Looking at Mercedes-Benz’s Recent Vehicle Lineups
Mercedes-Benz is one of the world’s most iconic auto manufacturers. Its tri-star logo is instantly recognizable on the front of every vehicle to roll off the line since 1926. With this kind of brand equity, it’s no surprise that Mercedes-Benz is one of the most important luxury brands in all of North America, regardless of industry. But, has the brand begun to lose its way?
For decades, Mercedes had employed an established brand hierarchy and architecture. Sedans were broken out into C-Class, E-Class, and S-Class designations with each individual model carrying a modifier, such as the C-250, which typically denoted engine displacement (i.e., a 2.5-liter engine in the C-250). SUVs existed as MLs and GLs, while SL designation went to the crown jewel roadster of the portfolio. While there were special editions in each product line, the brand benefited from this well-understood architecture. C-Class sedans were entry-level, meant for young professionals venturing out into luxury vehicles for the first time, while S-Class sedans were much larger and well-appointed estate vehicles meant for established executives.
A Shift in Direction
In recent years, however, Mercedes has begun to lose its way as it attempts to react to consumers’ evolving tastes. With a mandate to fill seemingly every single identifiable market segment, Mercedes’s product line has bloated to such a level that as of Fall 2019, the brand carried 19 different kinds of convertibles alone, according to Jalopnik.

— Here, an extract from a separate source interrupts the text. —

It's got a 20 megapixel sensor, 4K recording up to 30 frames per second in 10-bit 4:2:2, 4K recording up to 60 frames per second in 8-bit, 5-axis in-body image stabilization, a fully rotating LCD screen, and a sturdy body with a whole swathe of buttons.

Industry observers have begun to ask the question, did Mercedes get it wrong? Have they extended their product line so quickly and so methodically that they’ve cannibalized their own brands? For two years running, first in 2017 and again in 2018, journalists pressed then head of Mercedez-Benz Dieter Zetsche at the Geneva Auto Show on whether the brand had gone too far in its product line extensions. In 2018, Zetche acknowledged the threat of cannibalization (as did his BMW counterpart, Ian Robertson, in 2017), but brushed it off, reasoning that they expected the strategy to pay off by siphoning business away from competitors.

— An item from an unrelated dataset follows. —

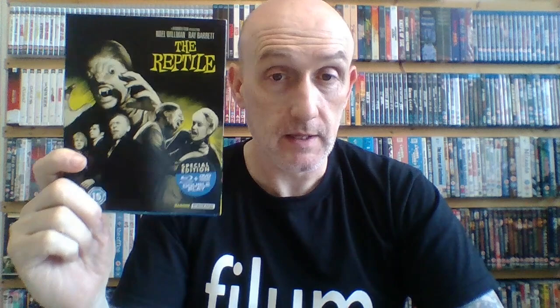Next up is Rasputin, The Mad Monk, also 1966. Is this a horror movie? Well, the character of Rasputin is made sinister, though they don't stick to real history — they've embellished it quite a lot. Christopher Lee plays an absolutely brilliant part. I thought it would be one I was just collecting, but it was surprisingly watchable mainly because of Lee being amazing as always. Highly recommended even if it's not like a Dracula or Frankenstein movie.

However, Zetche did leave open the door to admitting the brand had gone too far by saying, “There are not that many niches left to fill, of course. But, we stay creative and innovative. I can’t tell you what ideas we will have tomorrow. But we have a pretty full picture.” By the time Zetche left the company in May 2019, rumors had begun to circulate of impending cutbacks as Mercedes-Benz began a new project to streamline its product line.
What’s Next for MBUSA
Ultimately, Mercedes-Benz will have to reckon with the downsides of a bloated product line and inconsistent brand hierarchies and architecture. We’ve already begun to see the strategy’s first causalities, particularly with the brand’s iconic SL roadster, which saw a 19% year-over-year decrease in sales in 2019. While their competitors BMW and Audi continue to reinforce their brand architectures to streamline options for consumers into a veritable shoe size model (the A3, A4, A5, A6 or the 2-Series, 3-Series, 4-Series, etc.), Mercedes will need to reevaluate their own strategy to ensure they don’t waste decades of brand equity.